LAUSR

Abstract Advanced prediction of fault and broken wing seams has been a focus of seismic prospecting in underground coal mines. In this study, a Hilbert polarization imaging method that can locate the broken wing seam ahead of the tunneling face with high precision is put forward. This method uses Hilbert polarization analysis to calculate polarization parameters of breakpoint diffracted waves of different receivers. Through combination calculation of the polarization parameters, possibly existing diffraction points can be calculated. On this basis, with the spatial density distribution of the diffraction points as a criterion, convergence imaging is conducted on the actual breakpoint of broken wing seams.
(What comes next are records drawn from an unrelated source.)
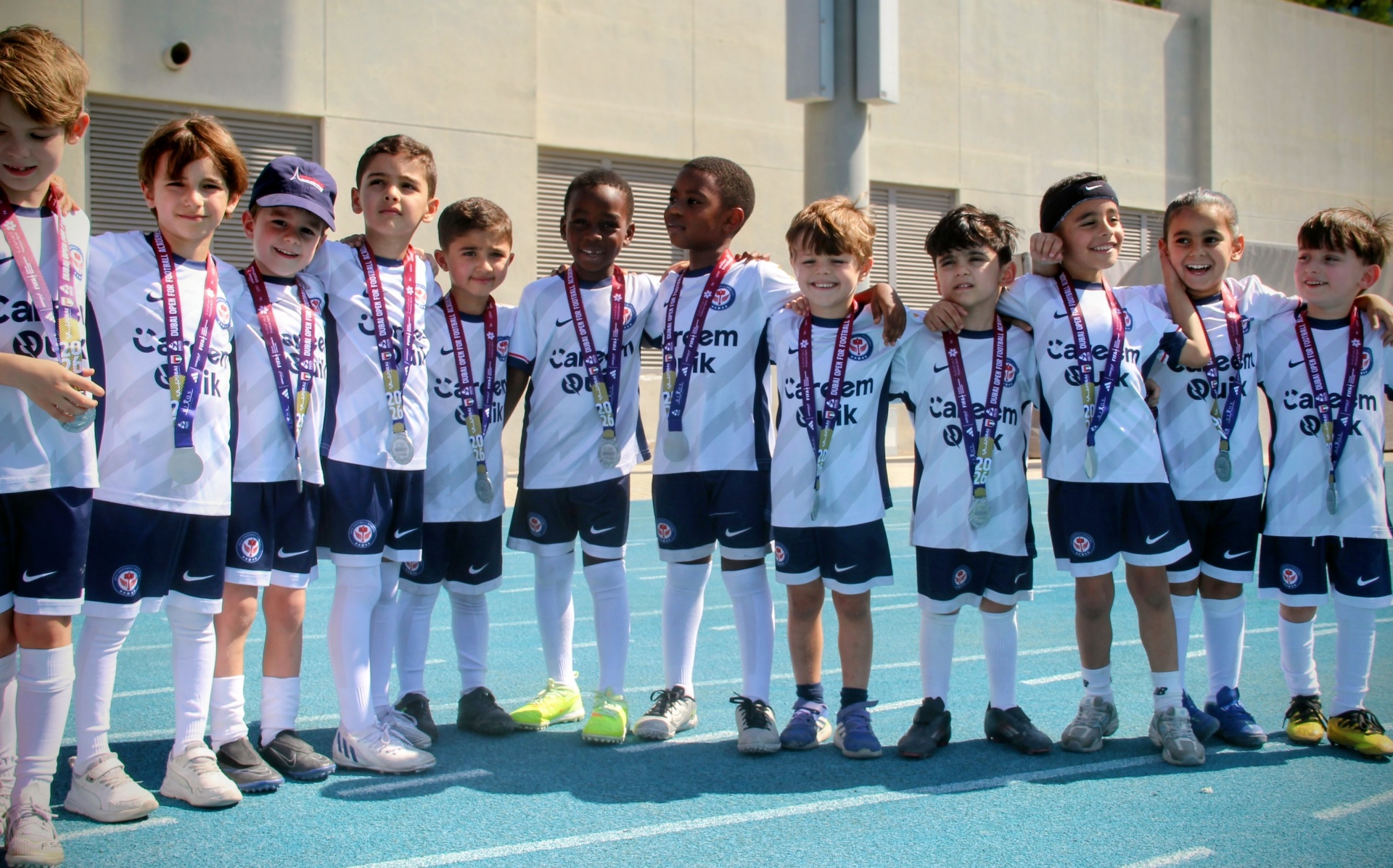EPIC players celebrating together with medals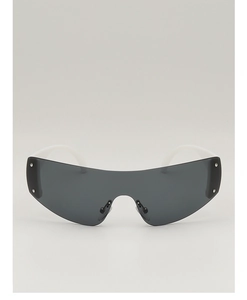 Détail de lunettes de soleil Y2K pour enfants avec verres sombres et branches blanches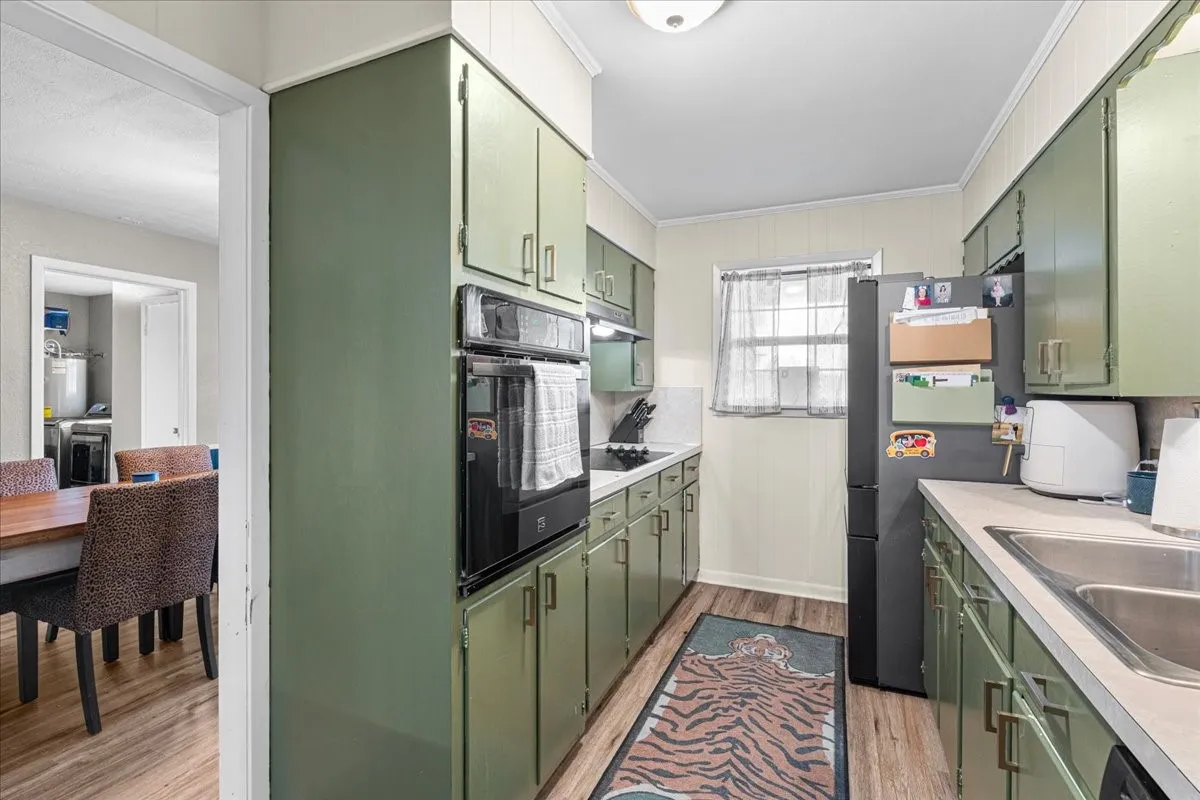 Galley kitchen with wood-finish flooring, paneled walls, extensive cabinetry, built-in double ovens, and a window
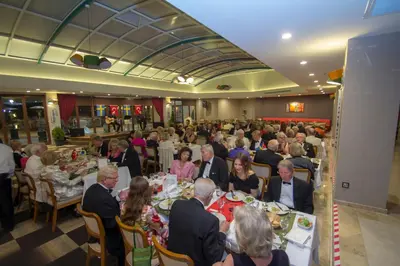 a group of people sitting at tables in a restaurant at Hotel Hegsagone Marine Asia in Gebze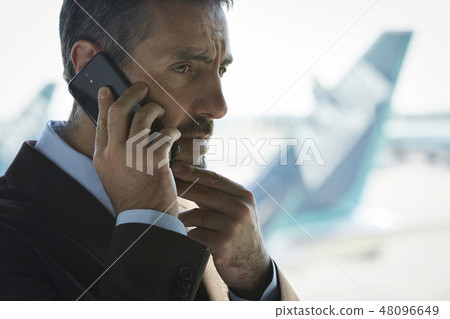 在國外商務旅行的一個商人叫在機場 48096649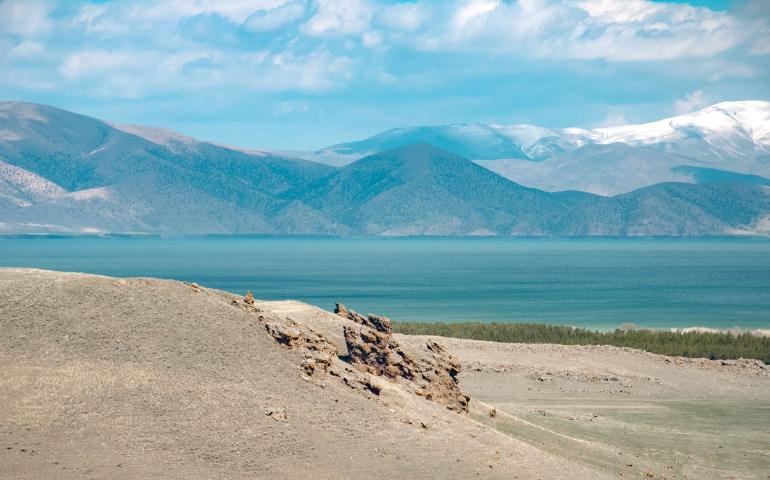 Tranquil view of a lake framed by hills and distant snowy mountains.
Image Credit: Arina Dmitrieva/Pexels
The numerical simulation results of three-dimensional, three-component advanced detection indicate that breakpoint diffracted P wave is characterized by a narrow wave train and high velocity. Since it is easy to recognize, with clear polarization characteristics, a diffracted P wave is taken as the effective wave for the Hilbert polarization imaging method. When a breakpoint diffracted S wave reaches the roadway surface, a Rayleigh surface wave is generated, which interferes with the calculation of the polarization parameter of the diffracted S wave. In this case, imaging is difficult with a breakpoint diffracted S wave. The Hilbert polarization imaging method does not need to consider the velocity modeling problem and can accurately locate broken wing seams.